On May 30, 1997 Federal District Court Judge Edmund A. Sargus voided the contract between the Ohio Department of Mental Health (ODMH) and the Ohio Behavioral Health Partnership (OBHP), consisting of Options Health Services of Norfolk, Virginia, and AccessOhio, a network of behavioral health providers in Ohio. Sargus' ruling brings Ohio's latest attempt at managed Medicaid to a screaming halt.

As reported in the Spring 1997 issue of Community Psychiatrist, ODMH selected OBHP as the sole Medicaid "transfer services" vendor on February 4th, following a November 1996 RFP. The transfer services, previously administered by the Ohio Department of Human Services on a fee-for-service basis, provide for mental health services in physicians' offices, clinics and non-state hospitals (as opposed to CMHCs and other Community Medicaid providers). The long-range goal of this interim contract was to integrate these services with locally managed community service systems, while maintaining service levels and controlling costs. Ohio has been moving in this direction since obtaining its Medicaid 111 5(a) waiver in 1995.

Three national managed behavioral health care firms submitted proposals in response to the RFP: Options, Value Behavioral Health and GreenSpring. The voided contract was unique in its efforts to minimize risk of "cherry picking" by limiting profits and maximizing clinical service requirements.
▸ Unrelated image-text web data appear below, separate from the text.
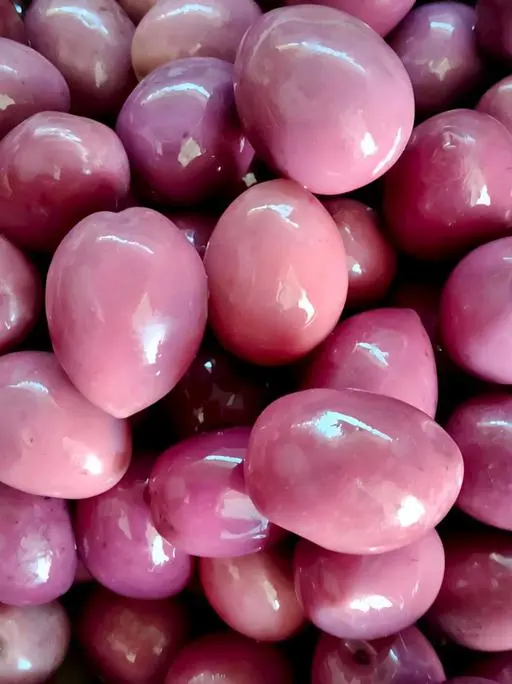 زيتون اسباني1 kg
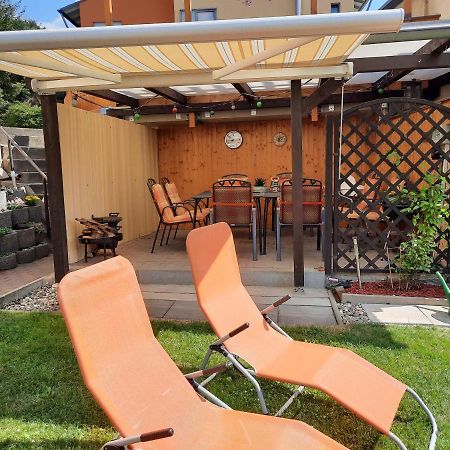 Ferienhaus Und Ferienwohnung Buettner Rathmannsdorf 外观 照片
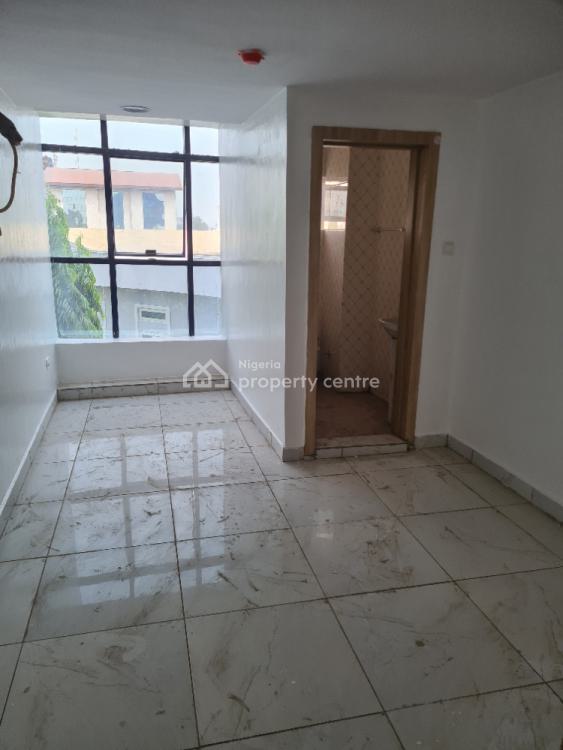 315sqm Office Space on 5 Floors, Ikeja, Lagos, Office Space for Rent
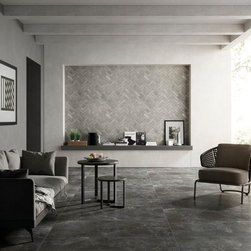 IRIS CERAMICA | Cube - Products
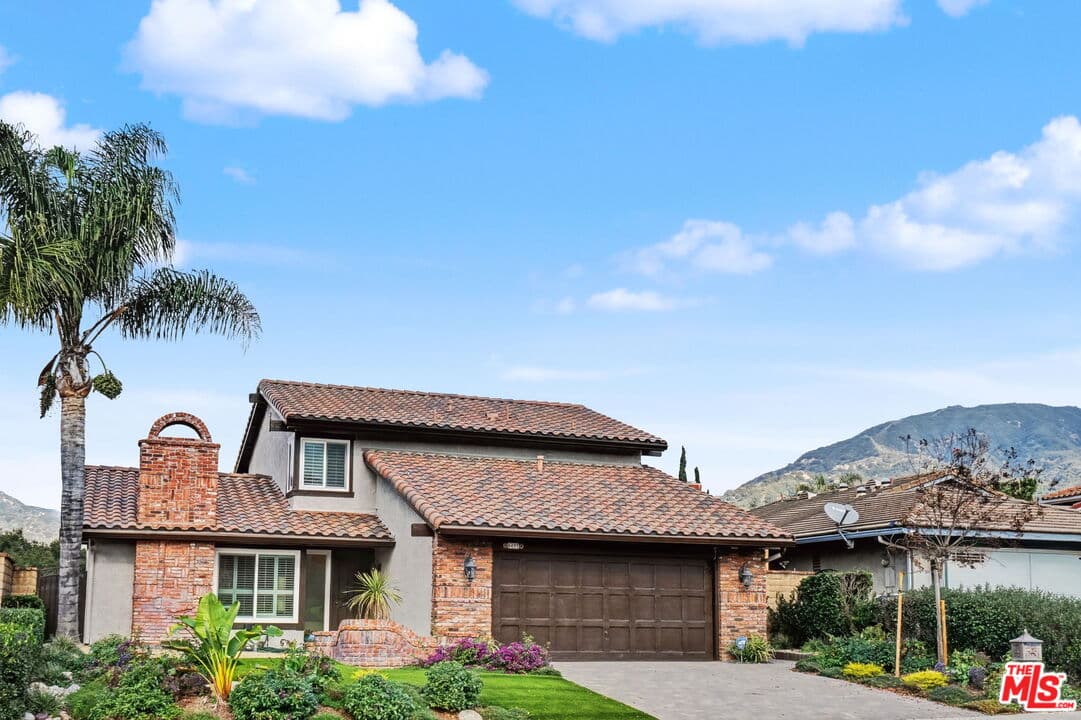 3BR House in La Verne — $5,700/mo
The OBHP contract allowed for a $1.5 million incentive pool "up front" (on a $178 million contract!) and required at least 96% of the remaining funds to be utilized for clinical services.

Value Behavioral Health initiated a lawsuit against ODMH on April 15th, alleging that ODMH and ODADAS (Ohio Department of Alcohol and Drug Abuse Services) unfairly disclosed details of Value's bid to Options and allowed Options to reduce its bid by $3.7 million in order to gain the contract. The state maintains that it selected Options' bid on a number of merits beyond its fee structure, and only after its selection negotiated a reduction in costs. The facts appear to be that Options was notified of the state's selection at 4:30 p.m. on February 3rd, and in a second call at 6:00 p.m. advised that the administrative cost component was "too high." A revised fee schedule was submitted at 1:30 p.m. on February 4th, only after which the plaintiff was notified that another bidder had been successful.

In a 41-page opinion, Judge Sargus found ODMH had repeatedly violated state and federal procurement procedures, and cited several concerns, focusing on the original proposal's potential for a $5.4 million "windfall profit" in violation of the state's contract specifications; the failure of the state to obtain written confirmation of OBHP's promise to forego excess profits; and its allowing Options to modify its proposal without providing an equivalent opportunity to other bidders.

Whether the state will appeal the decision or rebid the contract remains in question at the time of this writing: Speculation suggests that with Governor Voinovich's term of office soon to expire, the department may choose to do nothing. Regrettably, there are no "winners" in this story, but clearly the "losers" are Ohio's more than 1.5 million Medicaid recipients, who remain captive to a split service system.